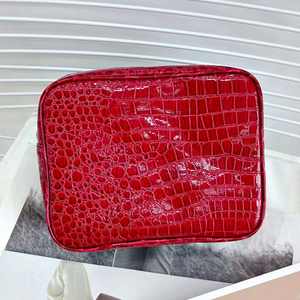 Bolsa de Cosméticos de Viaje de Piel de Cocodrilo al por Mayor, Bolsa de Maquillaje Borgoña de Gran Capacidad, Bolsa de Colección de Moda para Mujer, Bolsa de Viaje - Product Image 4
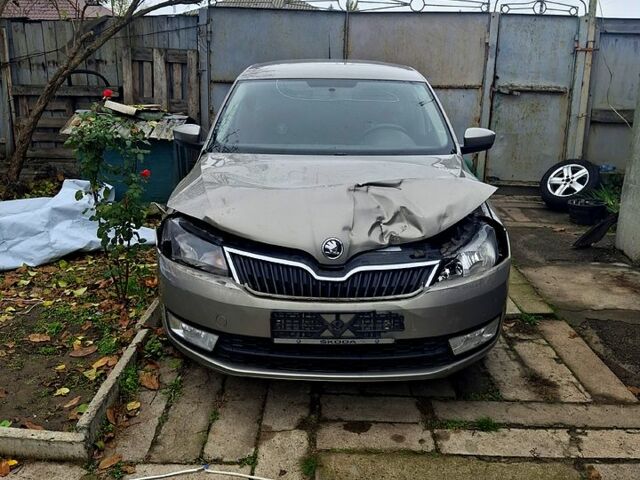 Бежевый Шкода Рапид, объемом двигателя 1.6 л и пробегом 181 тыс. км за 3800 $, фото 1 на Automoto.ua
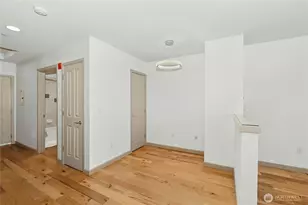 2319 1st Ave, Seattle, WA 98121 - Photo 10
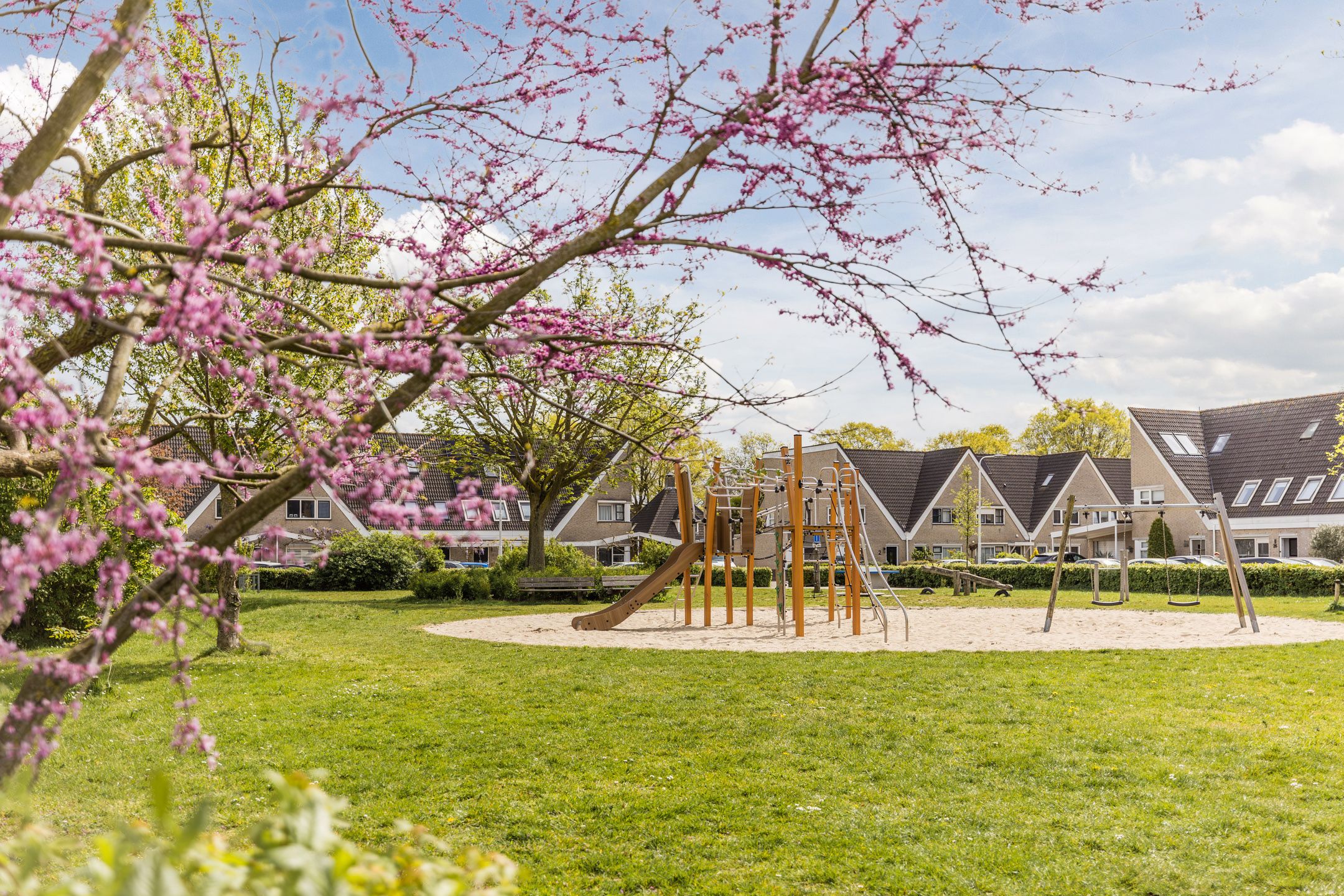 Modernised end house with 4 bedrooms, A+ energy label and sunny garden in family-friendly Reeshof — 27
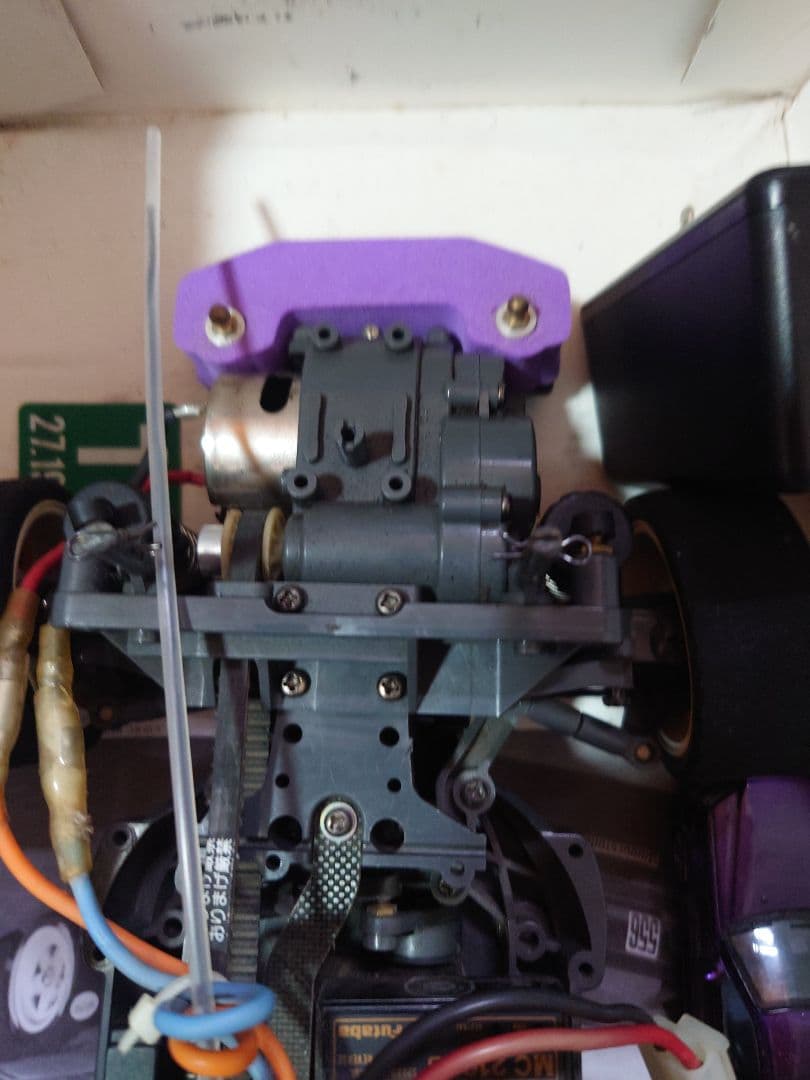 KURE NISMO GT−R電動ラジコンカー　1／10スケール完成品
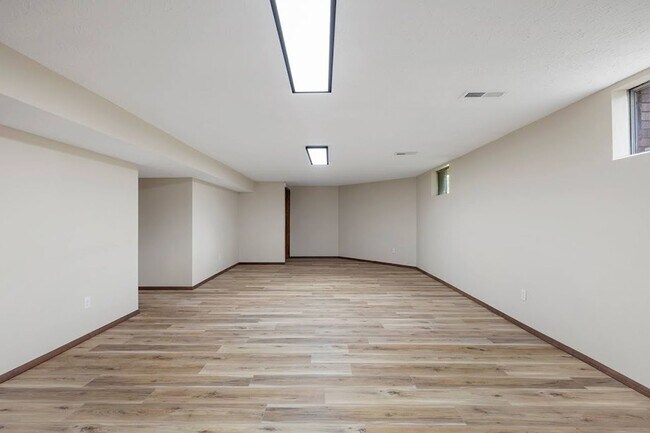 Building Photo - House for Rent in Lakewood Village Community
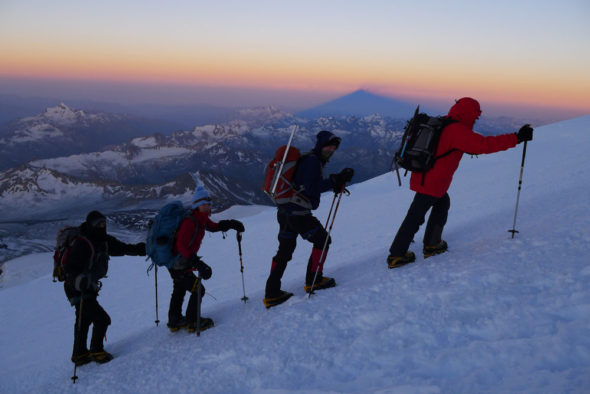 23-AW-elbrus-4-climbers-dawn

○ ○ ○ ○ ○

The records above, copied word for word without the pictures, are what should be output.

▶ _EXERCISE RESPONSE_
 Bolsa de Cosméticos de Viaje de Piel de Cocodrilo al por Mayor, Bolsa de Maquillaje Borgoña de Gran Capacidad, Bolsa de Colección de Moda para Mujer, Bolsa de Viaje - Product Image 4
 Бежевый Шкода Рапид, объемом двигателя 1.6 л и пробегом 181 тыс. км за 3800 $, фото 1 на Automoto.ua
 2319 1st Ave, Seattle, WA 98121 - Photo 10
 Modernised end house with 4 bedrooms, A+ energy label and sunny garden in family-friendly Reeshof — 27
 KURE NISMO GT−R電動ラジコンカー　1／10スケール完成品
 Building Photo - House for Rent in Lakewood Village Community
 23-AW-elbrus-4-climbers-dawn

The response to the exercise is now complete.